MultiPDENet: PDE-embedded Learning with Multi-time-stepping for Accelerated Flow Simulation
Qi Wang, Yuan Mi, Haoyun Wang, Yi Zhang, Ruizhi Chengze, Hongsheng Liu, Ji-Rong Wen, Hao Sun
TL;DR
MultiPDENet presents a PDE-embedded learning framework with multi-scale time stepping to accelerate flow simulations on coarse grids while preserving physical fidelity. It combines a Learnable Physics Block (including a PDE Block and a Poisson Block with RK4 integration) and correction NN modules (M_iNn and M_aNn) with a symmetry-constrained adaptive filter to approximate spatial derivatives on coarse grids. The approach enables long-term, accurate predictions across diverse PDE systems (KdV, Burgers, Gray-Scott, NSE) and demonstrates strong generalization to unseen ICs, forcing terms, Reynolds numbers, and domain sizes, achieving state-of-the-art accuracy and notable speedups over traditional DNS. Key contributions include the RK4-based learnable solver, the adaptive symmetric filter for derivative estimation, and the multi-scale macro/micro stepping strategy that mitigates temporal error accumulation. Overall, MultiPDENet offers a robust, efficient path to fast, generalizable flow simulations with limited training data, suitable for applications requiring rapid scenario testing and design optimization.
Abstract
Solving partial differential equations (PDEs) by numerical methods meet computational cost challenge for getting the accurate solution since fine grids and small time steps are required. Machine learning can accelerate this process, but struggle with weak generalizability, interpretability, and data dependency, as well as suffer in long-term prediction. To this end, we propose a PDE-embedded network with multiscale time stepping (MultiPDENet), which fuses the scheme of numerical methods and machine learning, for accelerated simulation of flows.
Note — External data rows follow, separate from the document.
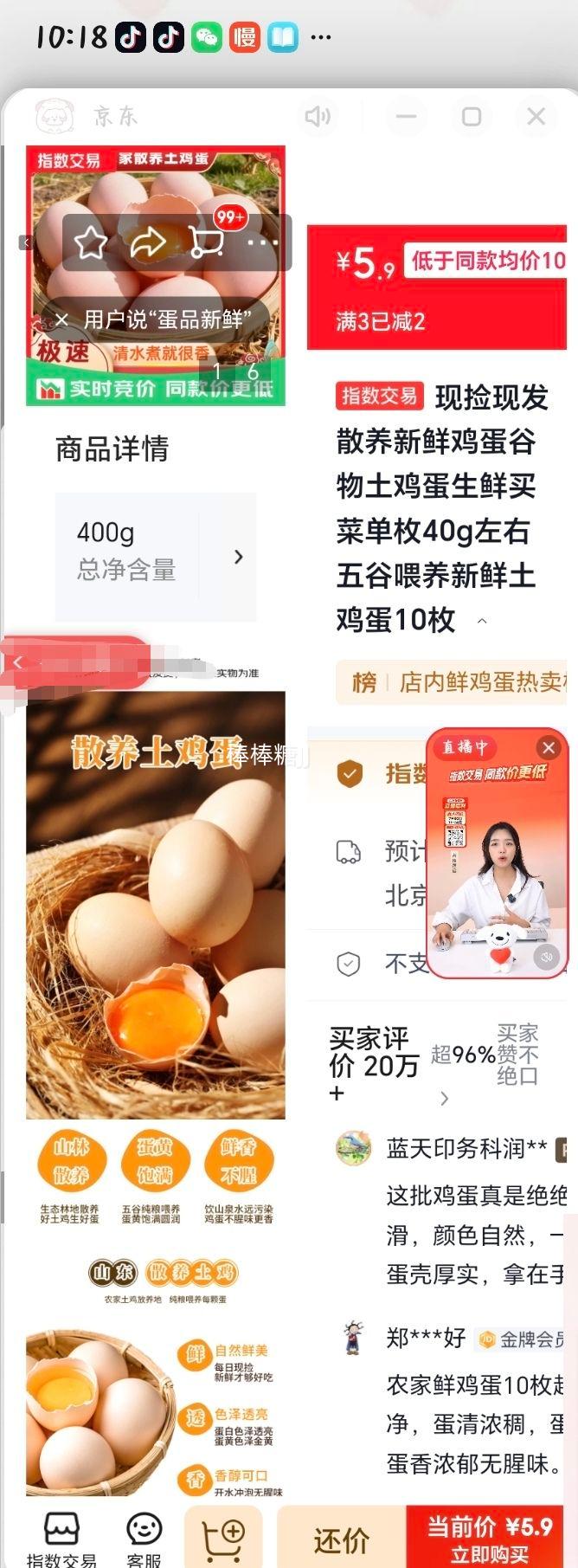 散养谷物土鸡蛋40g左右10枚 5.9元 - 86线报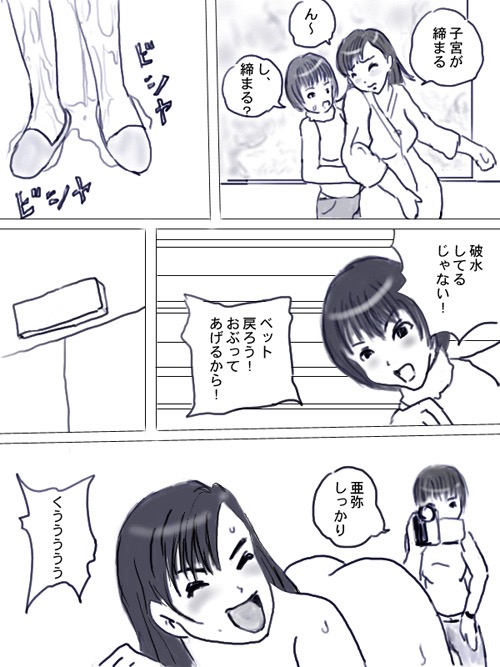 Matsu ￮ Aya No Shussan page 9 full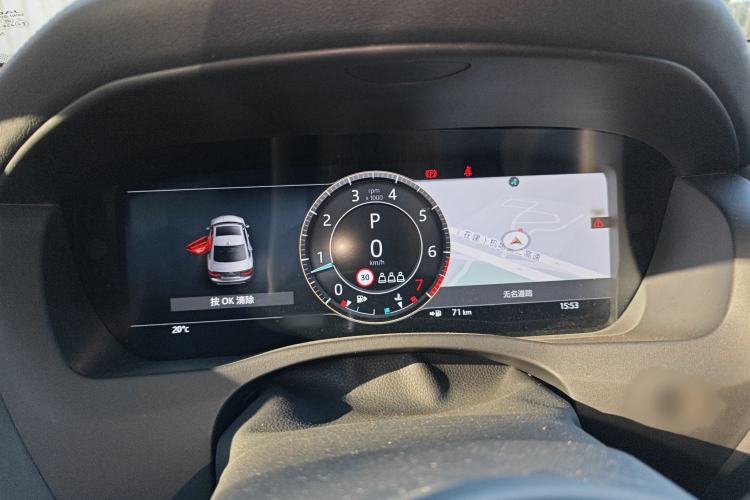 Used Jaguar XEL 2023 2.0T 250 PS R-DYNAMIC S Advanced Sport Edition Instrument Cluster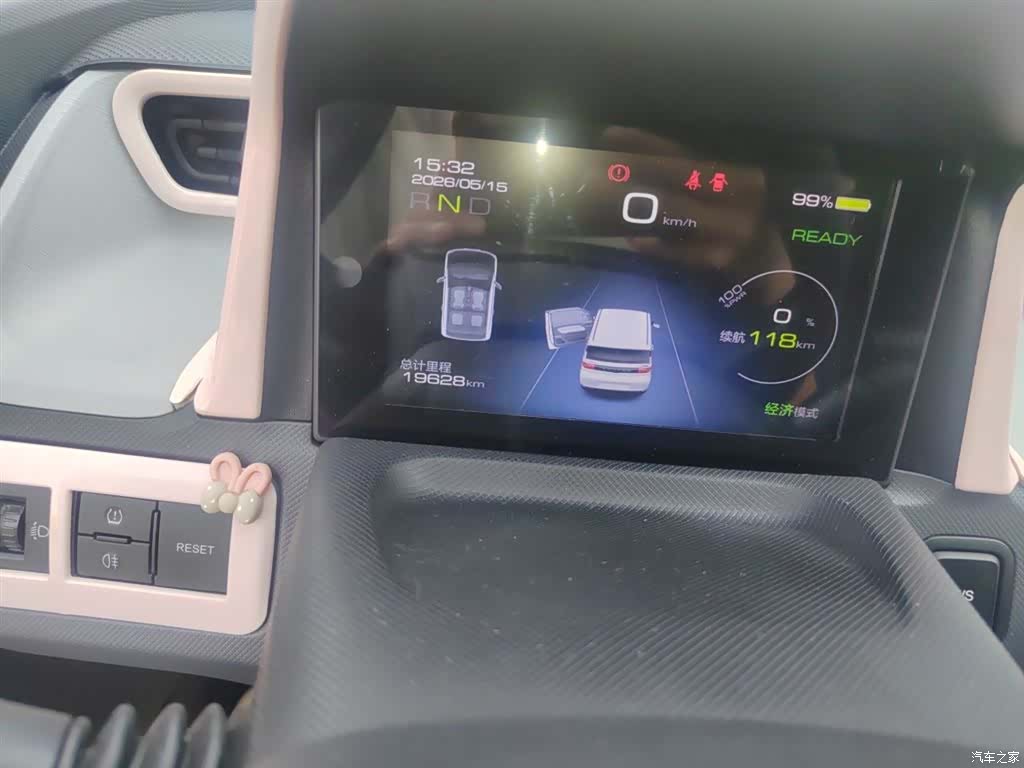 Wuling MINIEV, 2022 все фото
In particular, we design a convolutional filter based on the structure of finite difference stencils with a small number of parameters to optimize, which estimates the equivalent form of spatial derivative on a coarse grid to minimize the equation's residual. A Physics Block with a 4th-order Runge-Kutta integrator at the fine time scale is established that embeds the structure of PDEs to guide the prediction. To alleviate the curse of temporal error accumulation in long-term prediction, we introduce a multiscale time integration approach, where a neural network is used to correct the prediction error at a coarse time scale. Experiments across various PDE systems, including the Navier-Stokes equations, demonstrate that MultiPDENet can accurately predict long-term spatiotemporal dynamics, even given small and incomplete training data, e.g., spatiotemporally down-sampled datasets. MultiPDENet achieves the state-of-the-art performance compared with other neural baseline models, also with clear speedup compared to classical numerical methods.